Parallel zur Hodler-Schau gibt es die zweite dezidierte Erweiterung des künstlerischen Spektrums im Leopold Museum: In der Schau „Spuren der Zeit“ (bis 26. Februar) zeigen sechs in Wien lebende zeitgenössische Künstlerinnen und Künstler, womit sie sich aktuell beschäftigen.

Sie setzen sich, so die gemeinsame Klammer der Arbeiten, mit der visuellen Kultur auseinander, sie blicken hinter das Sichtbare.
Denn selbst wenn alles so wäre, wie die massenmediale Bilderflut nahelegt, würde genau das unsere Wahrnehmung auf falsche Art beeinflussen: Das thematisiert etwa Anita Witek. Und zwar großflächig: Eine meterhohe Bearbeitung von Schiele-Plakaten des Leopold Museums begrüßt im Untergeschoß, noch bevor der Rest der Ausstellung erlebbar ist.

Am anderen Ende des physischen Maßstabs agiert Andreas Fogarasi: In kleinen Bildern, penibel aneinandergereiht gehängt, blickt er der Präsenz von Kultur im Stadtraum nach, auch der temporären, die zur Bewerbung von Kulturprodukten aufgezogen und bald wieder weggeräumt wird. Hier prägen dem Sichtbaren verborgene Zwecke das Stadtbild; ein Thema, das sich auch bei Kay Walkowiaks Arbeit wiederfindet: Er lenkt den Blick auf die unterschwellige Lenkungsfunktion, die Architektur und Stadtplanung auf das Leben der Menschen ausübt. Auch Cäcilia Brown erkundet die Kraft, die die visuellen Strukturen des Stadtraumes auf das Zusammenleben haben.

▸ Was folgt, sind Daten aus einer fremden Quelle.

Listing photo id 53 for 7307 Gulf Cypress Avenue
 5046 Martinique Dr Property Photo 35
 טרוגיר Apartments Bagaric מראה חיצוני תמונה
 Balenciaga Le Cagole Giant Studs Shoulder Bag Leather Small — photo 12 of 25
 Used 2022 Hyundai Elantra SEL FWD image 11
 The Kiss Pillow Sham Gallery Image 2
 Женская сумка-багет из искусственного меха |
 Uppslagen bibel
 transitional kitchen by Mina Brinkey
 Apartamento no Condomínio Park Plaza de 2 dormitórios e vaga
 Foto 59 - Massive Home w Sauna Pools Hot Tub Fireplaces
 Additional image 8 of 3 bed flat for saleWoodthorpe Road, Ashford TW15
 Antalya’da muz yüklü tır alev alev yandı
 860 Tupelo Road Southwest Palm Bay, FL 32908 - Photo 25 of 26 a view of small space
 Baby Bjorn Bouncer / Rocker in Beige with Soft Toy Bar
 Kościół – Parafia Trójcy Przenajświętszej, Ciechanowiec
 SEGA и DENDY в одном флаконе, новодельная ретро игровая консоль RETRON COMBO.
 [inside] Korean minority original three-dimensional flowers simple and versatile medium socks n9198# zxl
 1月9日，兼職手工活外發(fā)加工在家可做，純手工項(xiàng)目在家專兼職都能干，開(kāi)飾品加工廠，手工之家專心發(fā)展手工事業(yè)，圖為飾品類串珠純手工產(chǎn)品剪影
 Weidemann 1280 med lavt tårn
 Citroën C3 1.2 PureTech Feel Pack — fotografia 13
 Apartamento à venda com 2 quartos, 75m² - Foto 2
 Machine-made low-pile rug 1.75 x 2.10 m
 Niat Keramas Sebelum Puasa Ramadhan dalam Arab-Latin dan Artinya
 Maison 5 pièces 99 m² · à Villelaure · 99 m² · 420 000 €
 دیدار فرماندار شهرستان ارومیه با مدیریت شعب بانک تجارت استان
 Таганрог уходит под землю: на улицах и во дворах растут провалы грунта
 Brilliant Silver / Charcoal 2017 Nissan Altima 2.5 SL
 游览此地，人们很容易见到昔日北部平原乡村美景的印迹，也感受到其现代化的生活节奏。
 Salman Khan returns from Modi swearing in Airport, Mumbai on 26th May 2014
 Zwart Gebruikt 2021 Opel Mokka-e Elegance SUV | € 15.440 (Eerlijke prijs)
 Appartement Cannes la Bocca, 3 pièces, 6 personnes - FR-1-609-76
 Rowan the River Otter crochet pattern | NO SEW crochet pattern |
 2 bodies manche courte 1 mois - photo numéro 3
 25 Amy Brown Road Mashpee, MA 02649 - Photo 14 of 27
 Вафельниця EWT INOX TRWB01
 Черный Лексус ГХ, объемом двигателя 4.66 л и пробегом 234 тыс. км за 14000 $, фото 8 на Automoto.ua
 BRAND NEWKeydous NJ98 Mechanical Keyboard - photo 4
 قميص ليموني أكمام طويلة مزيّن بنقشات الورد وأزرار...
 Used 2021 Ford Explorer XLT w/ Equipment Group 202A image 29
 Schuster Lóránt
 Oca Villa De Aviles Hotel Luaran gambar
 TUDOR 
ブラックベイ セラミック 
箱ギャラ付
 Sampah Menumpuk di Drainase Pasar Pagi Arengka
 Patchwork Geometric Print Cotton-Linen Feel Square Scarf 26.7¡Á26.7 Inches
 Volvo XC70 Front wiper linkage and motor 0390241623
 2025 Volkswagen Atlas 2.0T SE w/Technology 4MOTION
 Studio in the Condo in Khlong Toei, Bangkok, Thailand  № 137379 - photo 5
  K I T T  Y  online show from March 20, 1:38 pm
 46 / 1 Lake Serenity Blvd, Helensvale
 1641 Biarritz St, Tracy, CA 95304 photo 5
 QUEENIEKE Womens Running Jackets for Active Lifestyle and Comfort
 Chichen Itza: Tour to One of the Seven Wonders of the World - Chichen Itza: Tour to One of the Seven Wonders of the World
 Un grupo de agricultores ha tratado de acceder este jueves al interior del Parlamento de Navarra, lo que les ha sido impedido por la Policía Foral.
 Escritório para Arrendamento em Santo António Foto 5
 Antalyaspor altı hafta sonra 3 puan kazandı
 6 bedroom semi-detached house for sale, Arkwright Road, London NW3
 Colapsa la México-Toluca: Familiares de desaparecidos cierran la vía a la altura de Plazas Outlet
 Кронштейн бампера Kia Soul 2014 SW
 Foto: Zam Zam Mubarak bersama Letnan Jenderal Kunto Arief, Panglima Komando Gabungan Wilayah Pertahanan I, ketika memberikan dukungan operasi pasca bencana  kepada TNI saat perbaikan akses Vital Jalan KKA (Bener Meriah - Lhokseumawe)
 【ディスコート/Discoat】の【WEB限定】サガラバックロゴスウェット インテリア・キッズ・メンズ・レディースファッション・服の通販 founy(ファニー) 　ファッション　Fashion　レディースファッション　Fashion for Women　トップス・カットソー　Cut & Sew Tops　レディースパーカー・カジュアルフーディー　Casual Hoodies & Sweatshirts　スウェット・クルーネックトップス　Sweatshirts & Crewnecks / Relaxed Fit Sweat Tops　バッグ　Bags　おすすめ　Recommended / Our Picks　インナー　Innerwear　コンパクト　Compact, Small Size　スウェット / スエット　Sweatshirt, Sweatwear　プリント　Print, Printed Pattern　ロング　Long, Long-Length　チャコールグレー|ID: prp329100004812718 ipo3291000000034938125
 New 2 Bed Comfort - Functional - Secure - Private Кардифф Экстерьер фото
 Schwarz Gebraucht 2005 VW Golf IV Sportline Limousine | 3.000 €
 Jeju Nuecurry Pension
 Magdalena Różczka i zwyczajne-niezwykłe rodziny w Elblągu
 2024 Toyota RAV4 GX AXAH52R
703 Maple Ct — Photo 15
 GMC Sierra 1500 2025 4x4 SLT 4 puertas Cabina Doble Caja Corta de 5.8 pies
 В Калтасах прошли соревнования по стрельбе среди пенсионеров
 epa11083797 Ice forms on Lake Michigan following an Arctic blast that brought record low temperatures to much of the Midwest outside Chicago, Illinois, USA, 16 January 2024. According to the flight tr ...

Sofie Thorsen widmet sich der Raubkunst von anderswo: Illegale Ausgrabungen holen Werke kurz ans Licht der Öffentlichkeit, bevor diese wieder (am Schwarzmarkt, in Privatsammlungen) untertauchen.

Wie schnell große Wirtschaftsplayer untertauchen, im Speziellen aber dass Fotografie eine materialbehaftete Kunst ist, thematisiert Mladen Bizumic: Er widmet sich der legendären, an der digitalen Fotografie zugrunde gegangenen Fotomaterial-Firma Kodak.